WORK ORDER - Omit every picture and write out the rest of the records exactly.

DATA PROVIDED -

+-------+

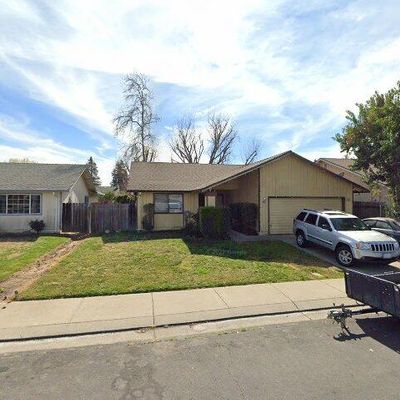 230 Stanislaus St, Lodi, CA 95240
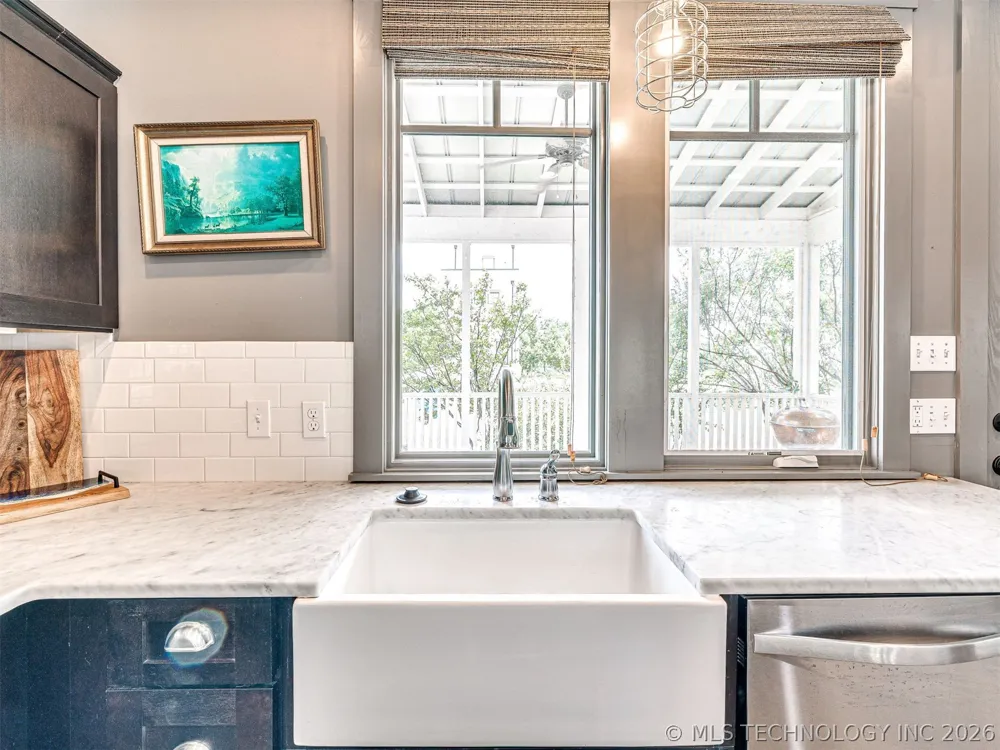 29 Boardwalk Street #D Carlton Landing, OK 74432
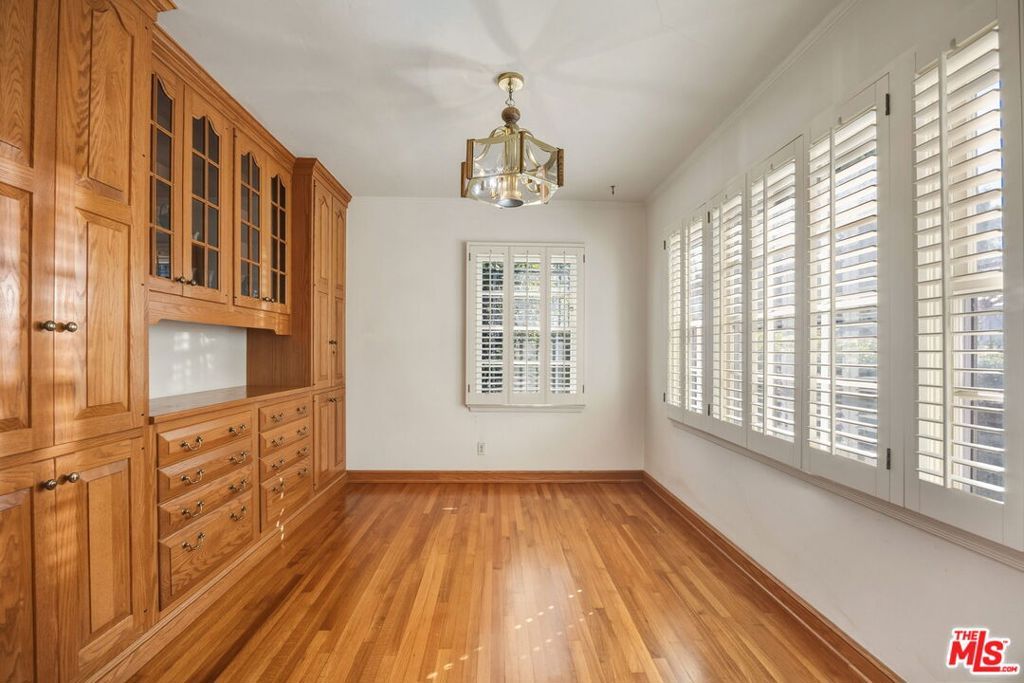 Photo of 943 Princeton Street, Santa Monica, CA 90403 (MLS # 26640549)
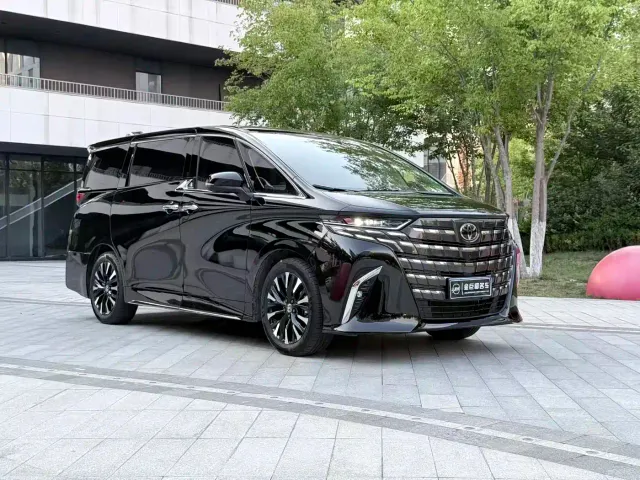 Toyota Alphard — Фото автомобиля 3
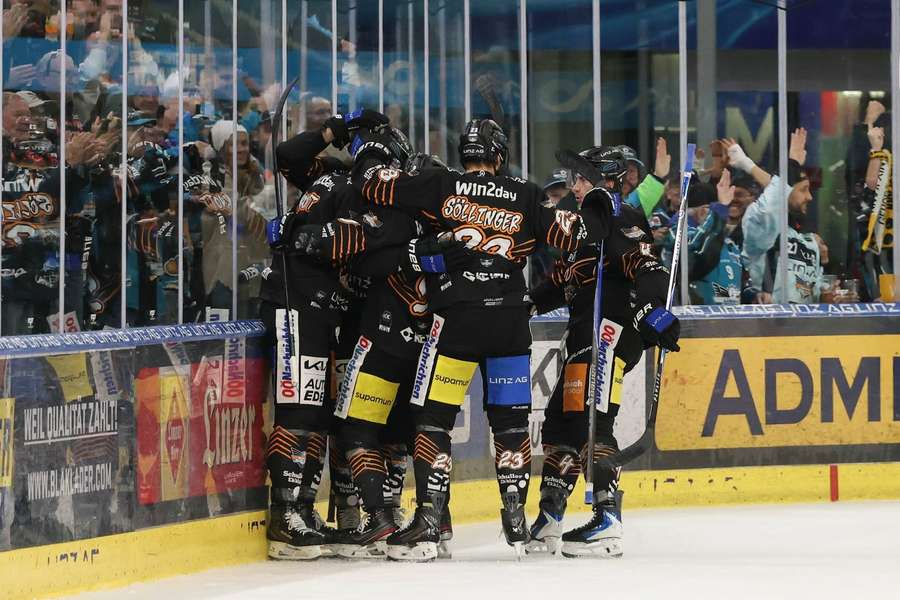 ICE Hockey League: Black Wings feiern Statement-Sieg
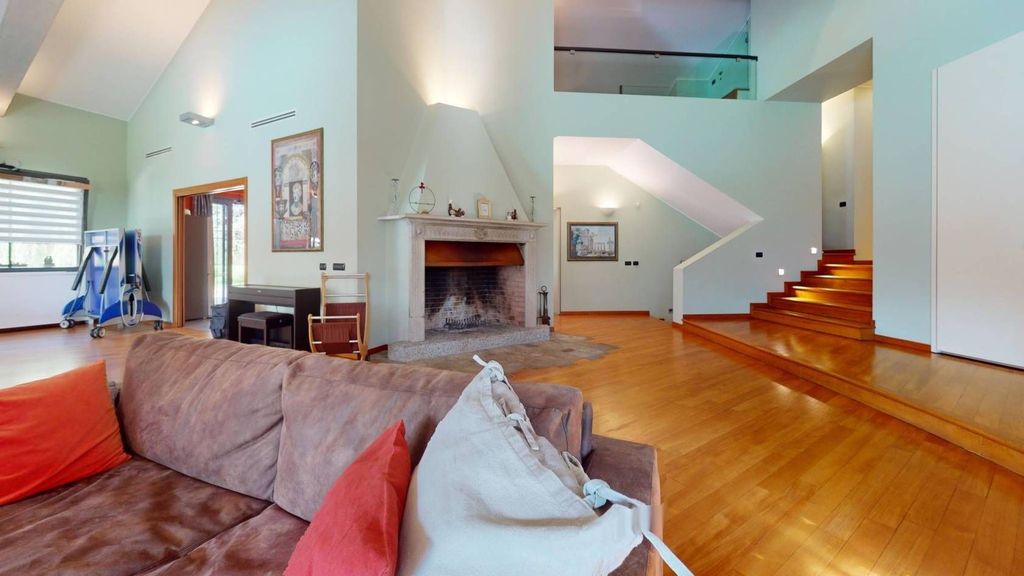 6 bedrooms Villa in Abbiategrasso, Italy No. 92048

+-------+

SOLUTION FOR THIS TASK -
 230 Stanislaus St, Lodi, CA 95240
 29 Boardwalk Street #D Carlton Landing, OK 74432
 Photo of 943 Princeton Street, Santa Monica, CA 90403 (MLS # 26640549)
 Toyota Alphard — Фото автомобиля 3
 ICE Hockey League: Black Wings feiern Statement-Sieg
 6 bedrooms Villa in Abbiategrasso, Italy No. 92048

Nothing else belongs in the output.